|
Über die Legende von den Heilsbringern |
|
|
Geschrieben von Michael Heinen
|
|
Dienstag, 24 April 2007 |
Die Frage steht im Raum und wird hitzig diskutiert. Kann man bei einer dermaßen schwachen Offensivleistung ohne Not auf Spieler wie Degen, Thygesen, Thijs und Sonck verzichten? Subjektiv wird jeder Borussen-Fan dies anders beantworten. Da macht es vielleicht Sinn, das Urteil von außenstehenden Experten zu Rate zu ziehen. Auch wenn die Noten des kicker nicht als unfehlbare Instanz angesehen werden dürfen, bieten sie hier ein interessantes Ergebnis.
Von den 29 Borussen-Akteuren, die in dieser Saison vom Fachmagazin bewertet worden sind, landen die oben genannten Akteure allesamt auf hinteren Plätzen. Platz 21 geht an David Degen (Notenschnitt 4,33), dicht gefolgt von Bernd Thijs (4,36).
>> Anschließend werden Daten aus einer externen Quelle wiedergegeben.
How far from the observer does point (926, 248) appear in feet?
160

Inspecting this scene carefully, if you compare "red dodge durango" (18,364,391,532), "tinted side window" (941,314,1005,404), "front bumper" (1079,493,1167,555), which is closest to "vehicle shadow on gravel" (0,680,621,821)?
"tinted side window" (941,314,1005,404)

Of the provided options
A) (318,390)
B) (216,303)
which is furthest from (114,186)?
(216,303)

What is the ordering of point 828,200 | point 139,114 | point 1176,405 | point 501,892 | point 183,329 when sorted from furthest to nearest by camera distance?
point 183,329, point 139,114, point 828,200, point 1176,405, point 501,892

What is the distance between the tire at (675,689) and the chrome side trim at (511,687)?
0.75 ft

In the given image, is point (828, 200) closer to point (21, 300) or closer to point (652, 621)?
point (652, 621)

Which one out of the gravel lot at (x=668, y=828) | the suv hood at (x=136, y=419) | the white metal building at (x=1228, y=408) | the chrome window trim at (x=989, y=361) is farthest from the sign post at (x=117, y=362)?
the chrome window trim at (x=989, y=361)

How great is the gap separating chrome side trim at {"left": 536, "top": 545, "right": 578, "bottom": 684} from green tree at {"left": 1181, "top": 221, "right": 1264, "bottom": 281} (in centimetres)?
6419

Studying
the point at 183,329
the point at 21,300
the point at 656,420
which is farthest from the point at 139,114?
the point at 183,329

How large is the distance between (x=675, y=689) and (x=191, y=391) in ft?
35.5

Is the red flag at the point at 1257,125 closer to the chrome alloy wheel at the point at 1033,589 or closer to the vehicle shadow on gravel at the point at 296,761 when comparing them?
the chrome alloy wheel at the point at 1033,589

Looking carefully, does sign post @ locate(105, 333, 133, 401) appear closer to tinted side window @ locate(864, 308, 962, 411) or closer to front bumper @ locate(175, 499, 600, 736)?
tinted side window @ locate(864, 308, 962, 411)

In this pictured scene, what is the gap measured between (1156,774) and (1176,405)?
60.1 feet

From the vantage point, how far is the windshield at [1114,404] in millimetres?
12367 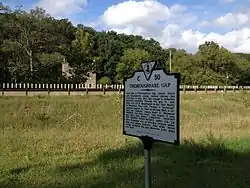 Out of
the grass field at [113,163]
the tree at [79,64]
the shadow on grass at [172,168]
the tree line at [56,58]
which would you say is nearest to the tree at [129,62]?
the tree line at [56,58]

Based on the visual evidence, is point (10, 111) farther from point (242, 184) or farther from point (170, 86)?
point (170, 86)

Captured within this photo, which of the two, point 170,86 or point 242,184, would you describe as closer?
point 170,86

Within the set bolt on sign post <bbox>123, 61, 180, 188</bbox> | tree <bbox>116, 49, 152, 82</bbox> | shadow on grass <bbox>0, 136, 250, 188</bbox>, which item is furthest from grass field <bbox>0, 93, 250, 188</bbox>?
tree <bbox>116, 49, 152, 82</bbox>

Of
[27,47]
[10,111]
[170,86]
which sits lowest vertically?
[10,111]

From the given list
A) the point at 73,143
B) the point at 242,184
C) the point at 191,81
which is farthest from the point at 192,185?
the point at 191,81

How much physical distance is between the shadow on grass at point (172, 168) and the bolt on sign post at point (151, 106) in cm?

Platz 26 nimmt Mikkel Thygesen (4,67) mit seinen bislang 5 Einsätzen ein. Immerhin 28. und damit Vorletzter ist Wesley Sonck (5,17), der es nur Rubinks Schalke-Auftritt verdankt, nicht die Rote Laterne in dieser Statisik ergattert zu haben. Überhaupt finden sich mit Rubink, Levels, Lamidi, Fleßers sonst ausnahmslos nur Youngsters sowie mit Sverkos ein bereits im Winter Aussortierter in der Borussen-Flop 9 des kicker.
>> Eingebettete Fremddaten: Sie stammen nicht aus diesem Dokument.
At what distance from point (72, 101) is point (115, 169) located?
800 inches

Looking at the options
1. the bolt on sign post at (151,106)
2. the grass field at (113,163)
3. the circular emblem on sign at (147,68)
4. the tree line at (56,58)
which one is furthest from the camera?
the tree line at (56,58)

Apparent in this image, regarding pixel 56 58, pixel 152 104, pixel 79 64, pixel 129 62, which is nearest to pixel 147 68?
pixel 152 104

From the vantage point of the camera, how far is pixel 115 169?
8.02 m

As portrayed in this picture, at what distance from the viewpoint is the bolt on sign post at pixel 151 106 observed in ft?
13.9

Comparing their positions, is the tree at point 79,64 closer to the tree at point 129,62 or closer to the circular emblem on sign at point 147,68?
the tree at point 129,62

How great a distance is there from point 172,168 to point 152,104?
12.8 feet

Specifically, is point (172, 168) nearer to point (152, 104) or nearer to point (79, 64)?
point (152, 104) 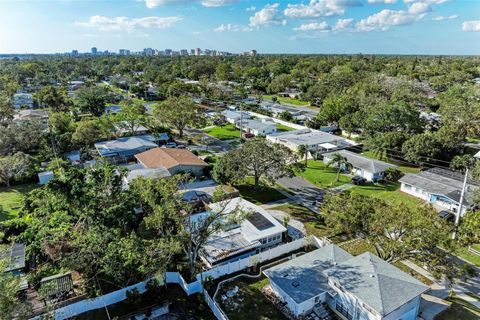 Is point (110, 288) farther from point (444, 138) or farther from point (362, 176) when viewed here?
point (444, 138)

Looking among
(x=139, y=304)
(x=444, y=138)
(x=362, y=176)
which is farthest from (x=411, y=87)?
(x=139, y=304)

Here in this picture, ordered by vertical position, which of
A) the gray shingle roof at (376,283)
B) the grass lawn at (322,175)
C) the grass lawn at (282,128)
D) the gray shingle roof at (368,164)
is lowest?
the grass lawn at (322,175)

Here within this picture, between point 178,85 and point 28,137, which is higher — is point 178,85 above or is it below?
above

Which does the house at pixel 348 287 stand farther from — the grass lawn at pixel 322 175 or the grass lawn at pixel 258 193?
the grass lawn at pixel 322 175

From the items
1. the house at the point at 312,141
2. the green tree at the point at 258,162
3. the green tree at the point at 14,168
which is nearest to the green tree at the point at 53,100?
the green tree at the point at 14,168

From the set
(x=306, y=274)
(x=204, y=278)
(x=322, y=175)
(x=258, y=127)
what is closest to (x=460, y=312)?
(x=306, y=274)

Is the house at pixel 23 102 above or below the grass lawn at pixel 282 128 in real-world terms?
above

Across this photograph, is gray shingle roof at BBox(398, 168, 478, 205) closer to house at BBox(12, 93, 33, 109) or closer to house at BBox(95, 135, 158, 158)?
house at BBox(95, 135, 158, 158)

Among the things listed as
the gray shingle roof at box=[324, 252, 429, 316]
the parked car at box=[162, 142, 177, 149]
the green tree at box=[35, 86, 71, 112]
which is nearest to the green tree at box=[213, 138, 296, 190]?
the gray shingle roof at box=[324, 252, 429, 316] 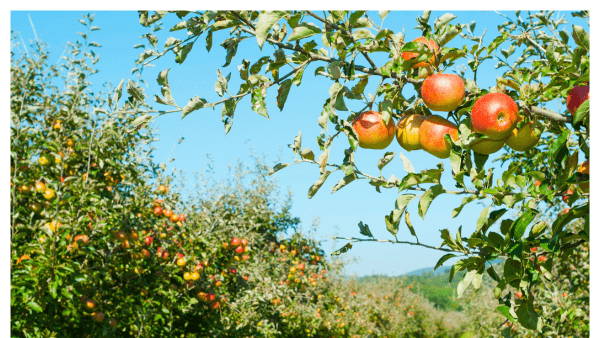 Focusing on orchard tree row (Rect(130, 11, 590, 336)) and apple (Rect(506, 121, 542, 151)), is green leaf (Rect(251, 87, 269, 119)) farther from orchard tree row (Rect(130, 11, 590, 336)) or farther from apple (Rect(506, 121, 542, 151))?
apple (Rect(506, 121, 542, 151))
Sicher mag man einwerfen, Sonck habe in dieser Saison nur in 8 Pflichtspielen seine Chance erhalten. Immerhin viermal durfte er aber von Beginn an ran, wobei er nur einmal (in der 73. Minute) ausgewechselt wurde. Ob beim Pokal in Osnabrück oder in den Ligaspielen gegen Hannover, Bochum und Cottbus. Gegen nicht allzu übermächtige Gegner lieferte er Leistungen ab, die sogar noch schlechter waren als das, was uns seine „Sturm“kollegen sonst so präsentieren. Soncks Spiel wirkte meist nicht nur lustlos und blieb wirkungslos. Auch der ihm zugeschriebene Torriecher versagte in den Spielen gegen Bochum und Cottbus, wo er in jeweils aussichtsreicher Position eine hundertprozentige Chance kläglich vergab.
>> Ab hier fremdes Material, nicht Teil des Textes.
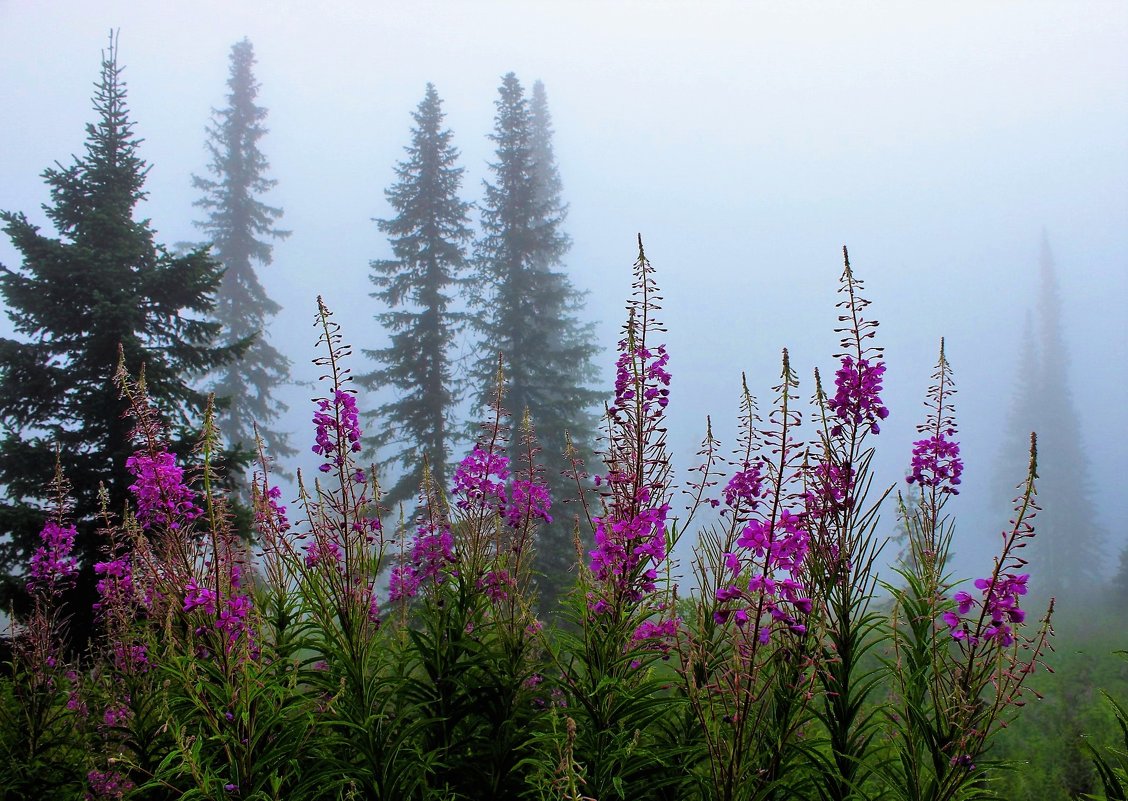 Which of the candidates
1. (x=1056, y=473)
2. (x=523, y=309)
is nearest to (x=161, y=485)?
(x=523, y=309)

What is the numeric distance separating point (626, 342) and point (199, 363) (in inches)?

Für ihn wie für die anderen von Luhukay kaum berücksichtigten Spieler gilt, dass sie von einigen Fans als vermeintliche „Heilsbringer“ gefordert werden. Rein sportlich gibt es aber gute Gründe, die einen Verzicht mehr als nachvollziehbar machen. Tiefer als auf Platz 18 hätten wir mit ihnen natürlich auch nicht abrutschen können. Aber wenn man die Leistungen dieser Spieler bei ihren Erstliga-Einsätzen für Borussia, in der Nachwuchsrunde oder in der Amateur-Elf heranzieht, so haben sie sich in keiner Weise für einen Platz in der ersten Elf aufgedrängt und es spricht wenig dafür, dass wir mit ihnen nur einen Zähler mehr auf unserem kärglichen Punktekonto haben würden.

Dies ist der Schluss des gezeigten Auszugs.